(Brief descriptive captions)

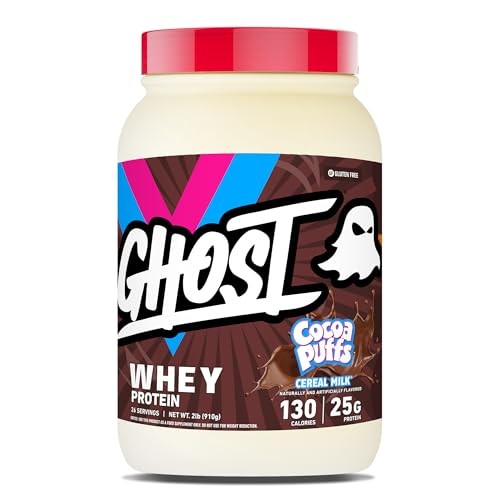 GHOST Whey Protein Powder, Cocoa Puffs Cereal Milk - 2LB, 25G of Protein - Whey Protein Isolate & Concentrate Blend - Post Workout Fitness & Nutrition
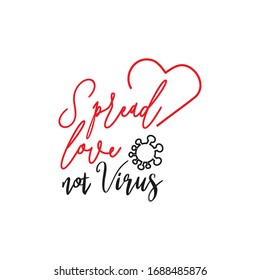Tipografía de letras de citas de virus. Provocar amor no virus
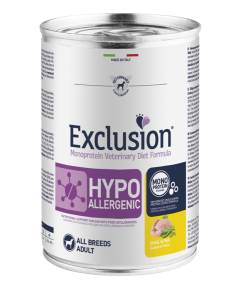 Exclusion Monoprotein Diet Cane Adult All Breeds Hypoallergenic Quaglia e Piselli 400 gr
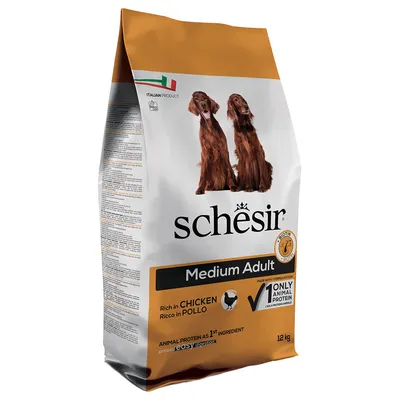 Schesir Medium Adult hrană pentru câini, bogată în pui, 12 kg. Proteine animale ca prim ingredient, produs italian, biotină pentru îngrijirea blănii.
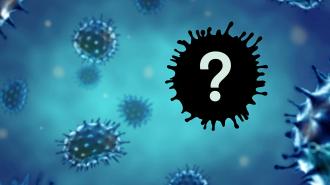 silhouette of a virus with a question mark on it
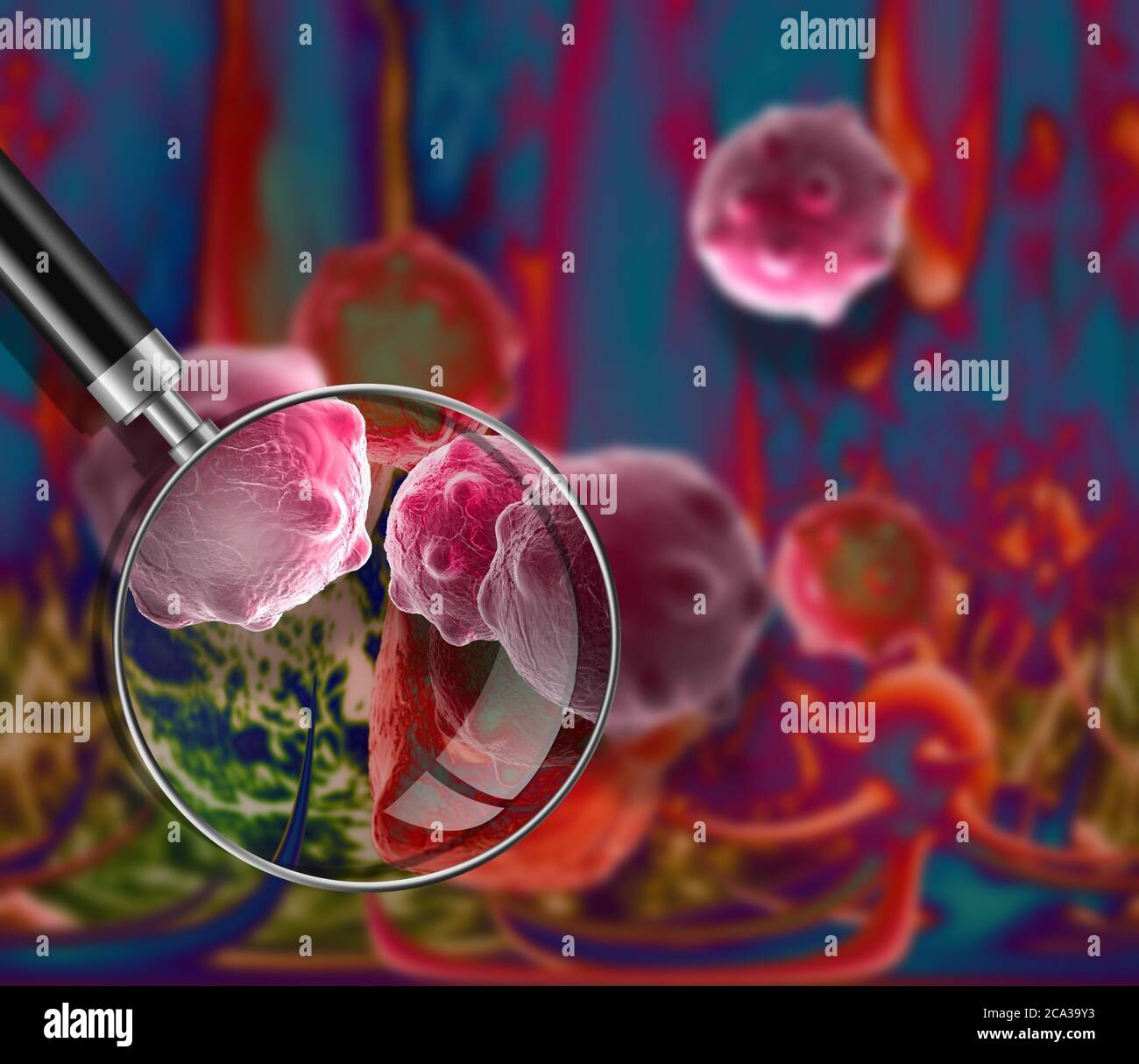 cellula tumorale realizzata in software 3d. Foto Stock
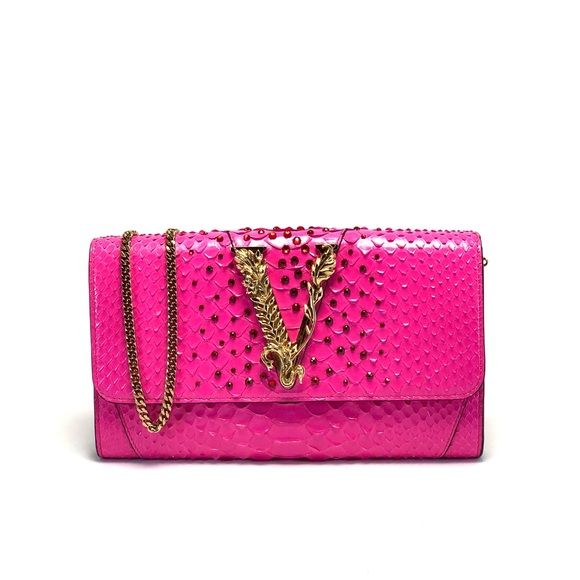Versace Virus Embellished Snakeskin-Embossed crossbody Wallet On Chain bag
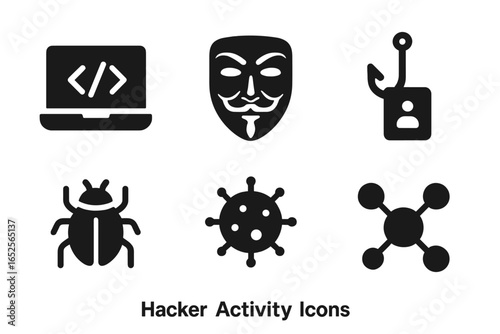 Hacker activity solid glyph icon set. Cybersecurity and cybercrime concept. Vector icons for phishing, computer virus, malware, data bug, anonymous mask, network attack, code.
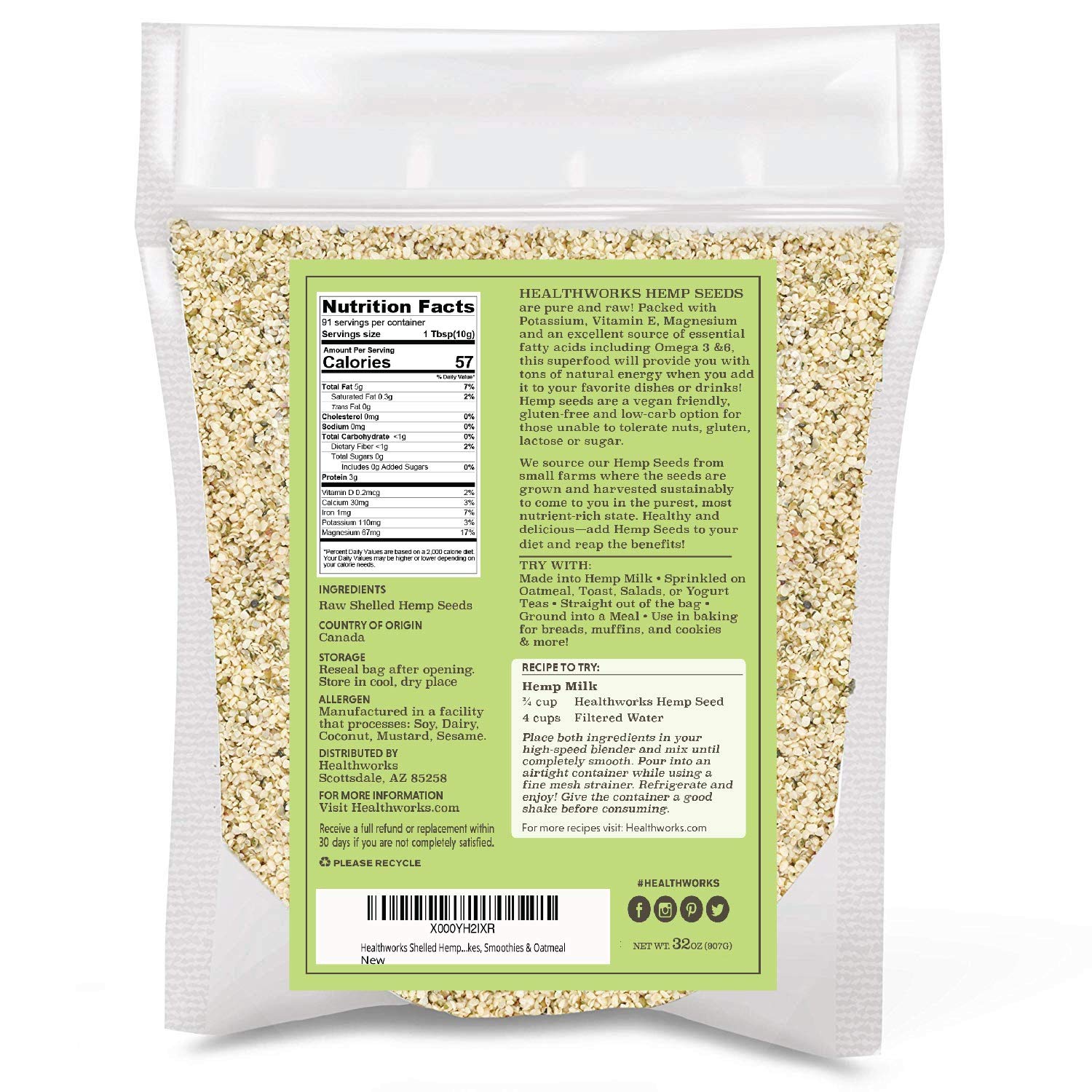 Healthworks Superfood Shelled/Hulled Hemp Seeds Canadian - 32 Oz / 2 Lbs - Premium & All-Natural - Contains Omega 3 & 6, Fiber and Protein - Packaging May Vary (Pack of 2)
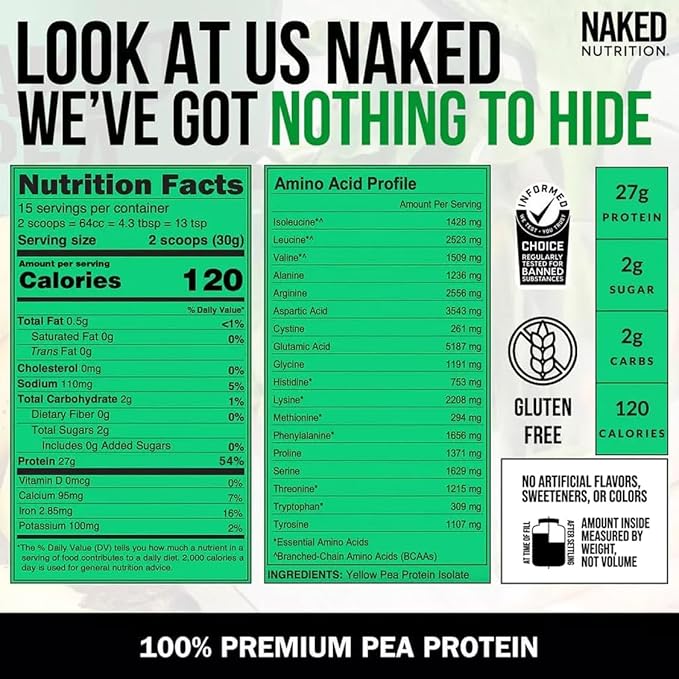 Naked Pea - Pea Protein Isolate - Plant Based, Vegetarian & Vegan Protein. Easy to Digest, Non-GMO, No Lactose, No Soy and Gluten Free - 15 Servings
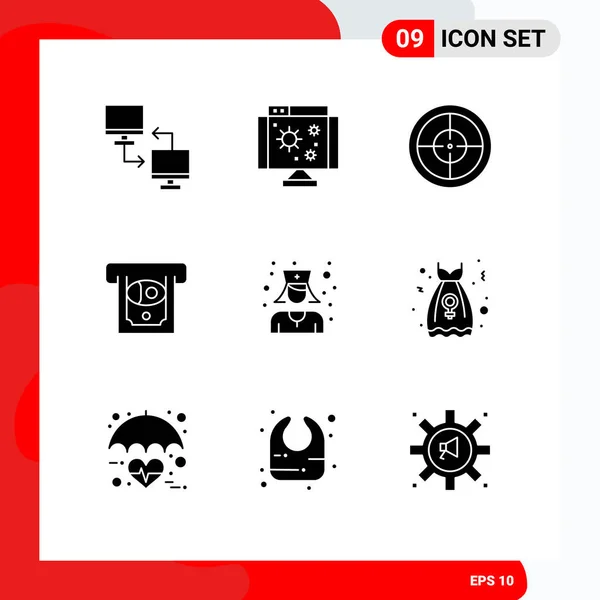 Pictogram Set Simple Solid Glyphs Physician Doctor Virus Money Atm — Stock Vector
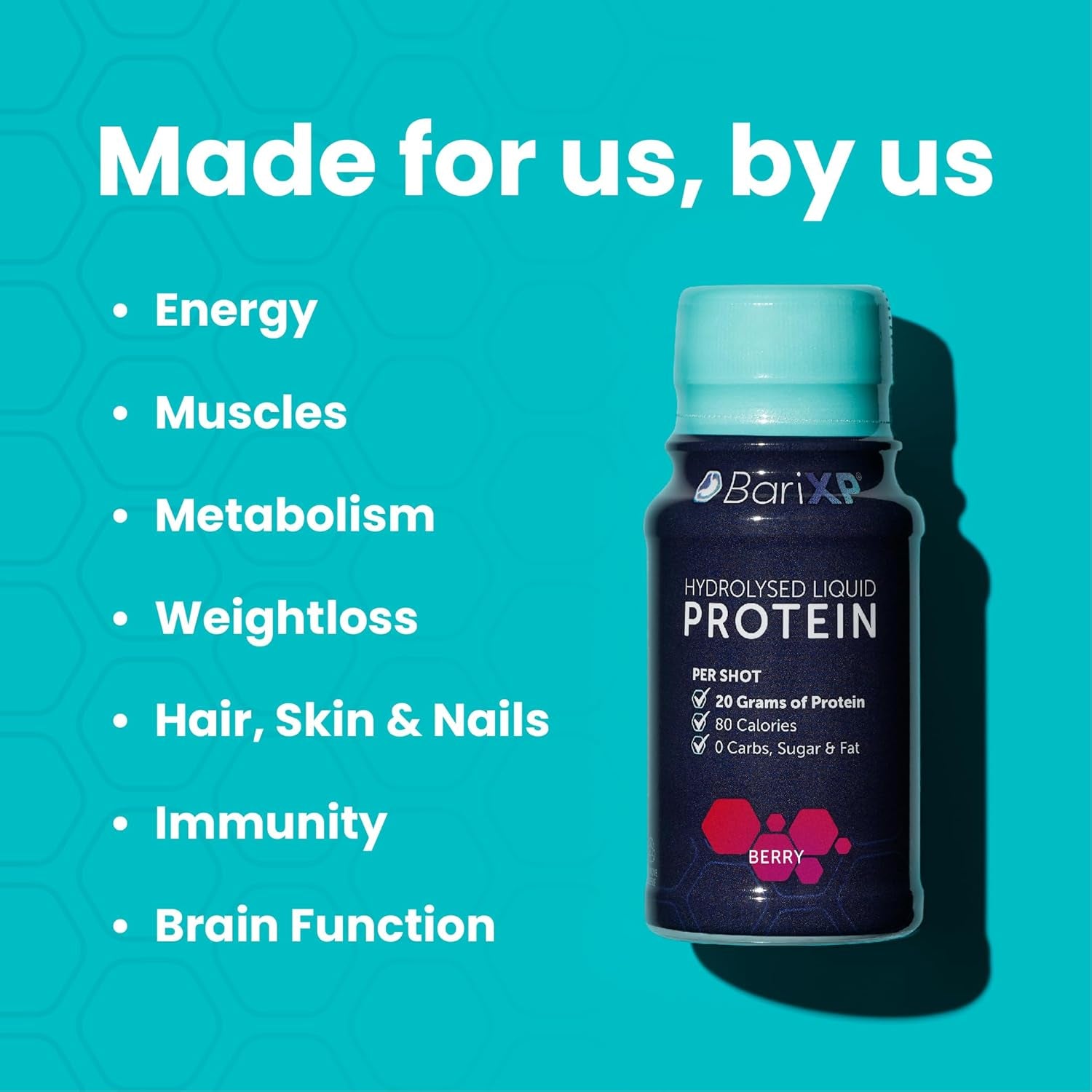 Barixp Collagen Protein Shots – 20g Hydrolyzed Protein – 12 Ready-to-Drink – Berry Flavor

▶ **WHAT IS REQUIRED**
Your copy should hold every record word for word and none of the pictures.

▶ **ANSWER TO THE PROBLEM**
 GHOST Whey Protein Powder, Cocoa Puffs Cereal Milk - 2LB, 25G of Protein - Whey Protein Isolate & Concentrate Blend - Post Workout Fitness & Nutrition
Tipografía de letras de citas de virus. Provocar amor no virus
 Exclusion Monoprotein Diet Cane Adult All Breeds Hypoallergenic Quaglia e Piselli 400 gr
 Schesir Medium Adult hrană pentru câini, bogată în pui, 12 kg. Proteine animale ca prim ingredient, produs italian, biotină pentru îngrijirea blănii.
 silhouette of a virus with a question mark on it
 cellula tumorale realizzata in software 3d. Foto Stock
Versace Virus Embellished Snakeskin-Embossed crossbody Wallet On Chain bag
 Hacker activity solid glyph icon set. Cybersecurity and cybercrime concept. Vector icons for phishing, computer virus, malware, data bug, anonymous mask, network attack, code.
 Healthworks Superfood Shelled/Hulled Hemp Seeds Canadian - 32 Oz / 2 Lbs - Premium & All-Natural - Contains Omega 3 & 6, Fiber and Protein - Packaging May Vary (Pack of 2)
 Naked Pea - Pea Protein Isolate - Plant Based, Vegetarian & Vegan Protein. Easy to Digest, Non-GMO, No Lactose, No Soy and Gluten Free - 15 Servings
 Pictogram Set Simple Solid Glyphs Physician Doctor Virus Money Atm — Stock Vector
 Barixp Collagen Protein Shots – 20g Hydrolyzed Protein – 12 Ready-to-Drink – Berry Flavor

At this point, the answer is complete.